I have, over the years acquired many lenses. All of them auto-focus (post 1992). Around 1998 when I went "digital" (but still offered customers 35mm photography, and I still do) things got more complex. But I decided around 2006-2007 to purchase the K10D because the camera was backward compatible with existing 35mm APO AF lenses and it saved me a ton of cash from buying a new camera brand and new lenses as I had at that point acquired thousands of dollars in lenses and Pentax was "my brand" and I was a committed Pentax lover.

Currently using: K10D and K5

My question to fellow Pentax users who still use/experiment with the "old glass" is:

What is your experience with it and how do you make the best of it?

My personal experiences find that it has very "soft" results and tends to leave a yellow or green hue (hue and color correction is easily corrected in Photoshop) and sharpness is minimal but results are unique, but to me not of professional grade although in 35mm they come out perfect.

How is this corrected?

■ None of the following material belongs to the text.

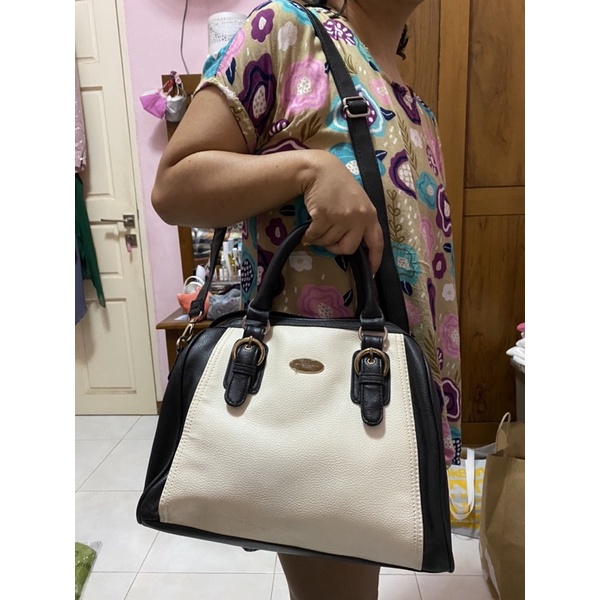 Preloved Tas Shophie Martin Paris Original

How do you compensate for the quality? Is it just me?

I also am curious as to why this effect and/or result happens as it is decent/okay glass but the effects and results are different when attached to a DSLR compared to a 35mm camera.
On the K10D and K5 I use:

Sigma DC 18-200mm f3.5-6.3
Pentax (kit) 15-55mm SMC DA F3.5-5.6
Pentax "prime" SMC DA 50mm F1.8
Penatx "prime" SMC DA 35mm F2.4 AL
I have excellent results (no complaints) using the "digital" glass.

My Old AF Glass:

Sigma 170-500mm F5-6.3
Sigma 75-300mm F4-5.6
Sigma 28-300mm F3.5-6.3

Other older lenses I have acquired/purchased but very rarely use, these were the most commonly used.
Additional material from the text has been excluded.